For spinal epidural hematomas, muscle weakness and bowel dysfunction are known symptoms. Doctors will have to perform a CT scan or MRI of the area in order to identify the presence of an epidural hematoma in the spine.
Treatment & Therapy
Any brain (or spinal) hemorrhage is a severe condition and should be treated immediately in an emergency room. If an epidural hematoma is diagnosed, surgeons will intervene immediately by drilling a small hole in the skull and removing the blood to reduce pressure on the brain. Similarly, spinal epidural hematomas are treated by surgical intervention to remove excess blood and reduce pressure on the spinal column. A craniotomy may be necessary to remove blood clots.

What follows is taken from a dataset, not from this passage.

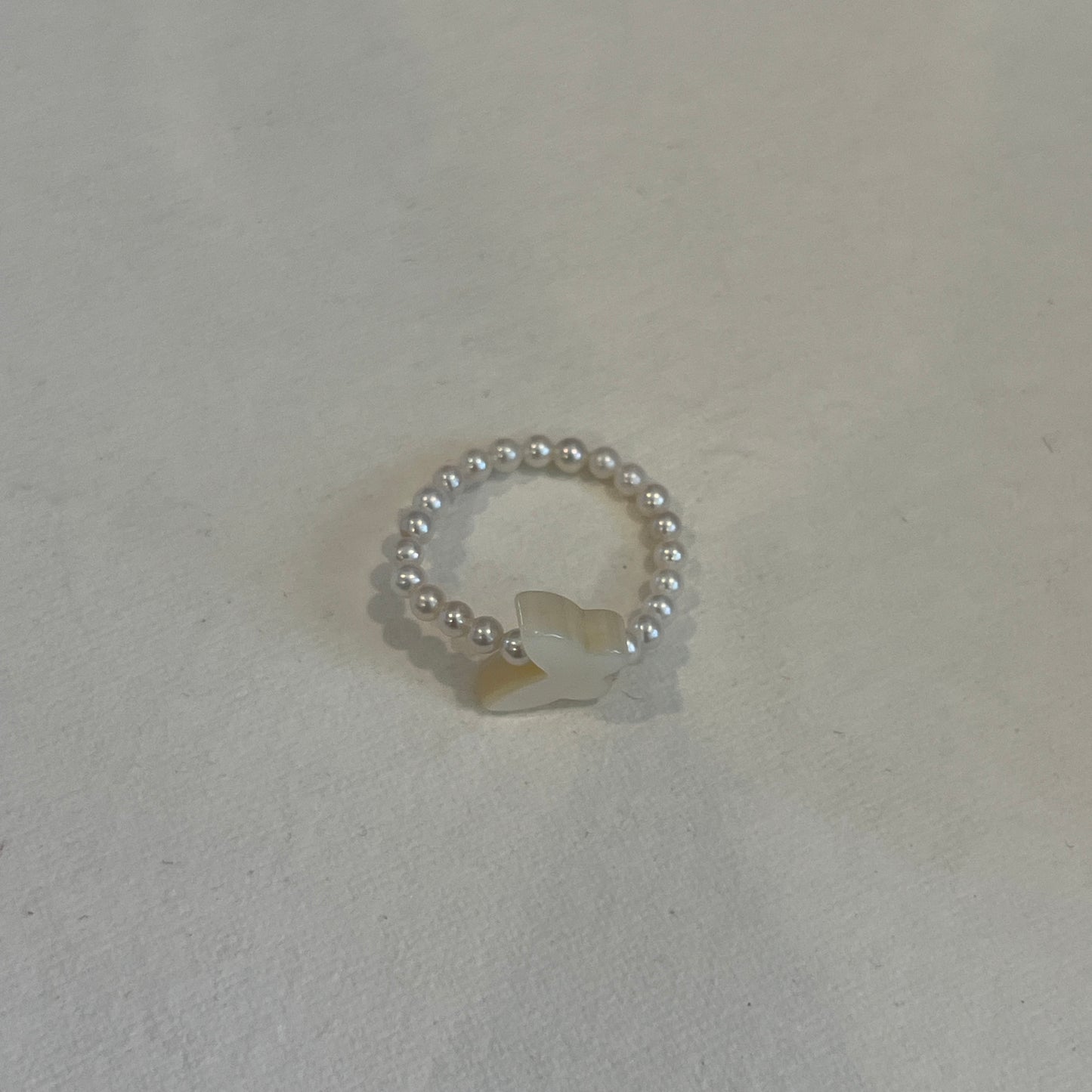 MOP butterfly with pearl ring elastic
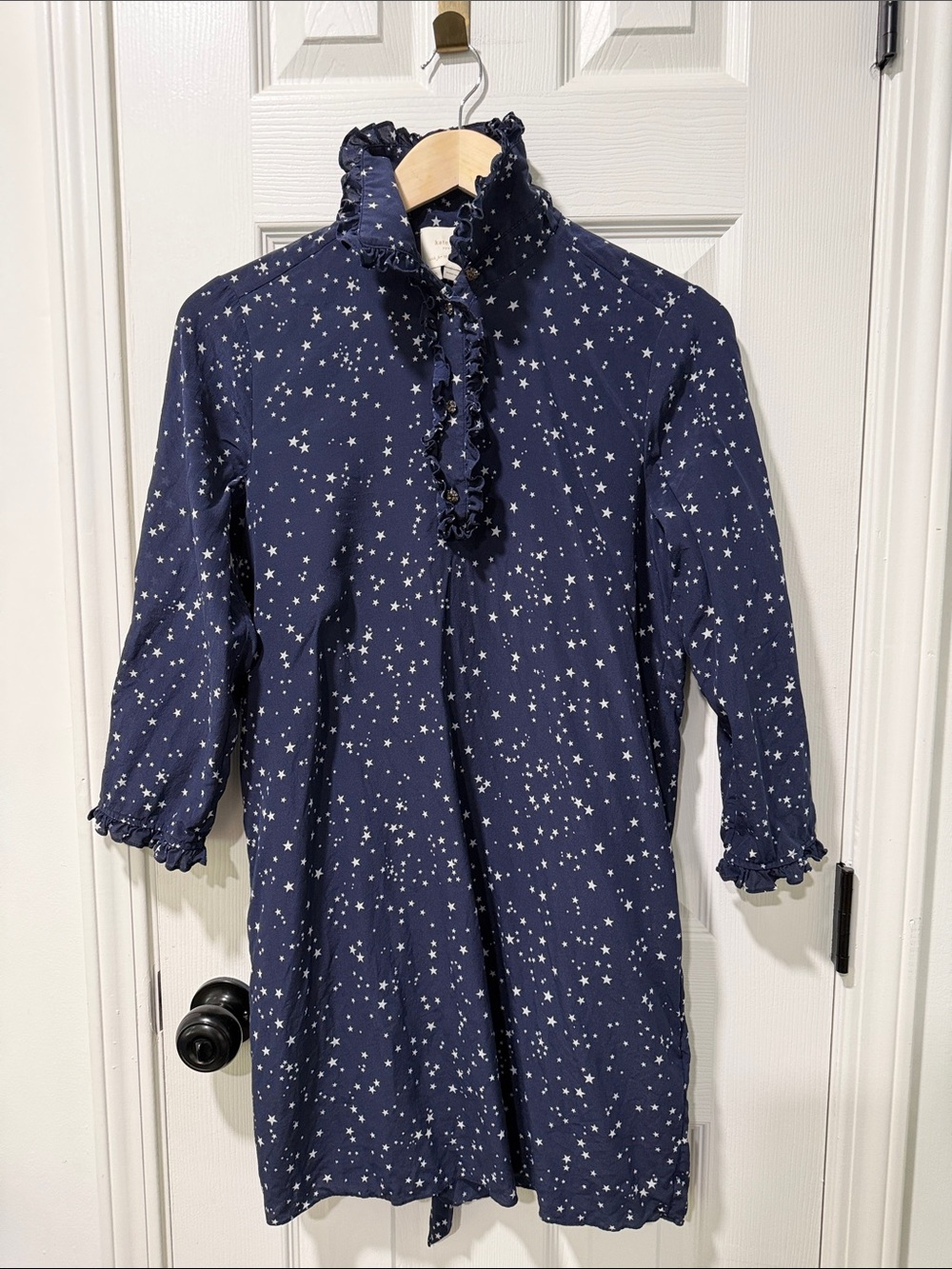 kate spade Navy Star Ruffle-Trim Long Sleeve Dress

People who receive surgical intervention right after receiving a head injury have a better chance of survival and recovering from an epidural hematoma but there is a significant risk for permanent brain damage even with prompt medical attention. For survivors, doctors may prescribe a course of medication and therapy to address any symptoms of brain damage or other injury that results from having an epidural hematoma. Seizures, for example, are a common complication from epidural hematoma and may require anticonvulsant medications to manage.
Prevention & Prophylaxis
Once a head or spinal injury has occurred, there is little that can be done to prevent an epidural hematoma. The best course of action is to keep the injured person still without moving their neck. Immediately take the person to the emergency room or summon medical help if a head injury occurs that is accompanied by severe headaches, a loss of consciousness (even briefly), convulsions, enlarged pupils, difficulty breathing, or abnormal lethargy.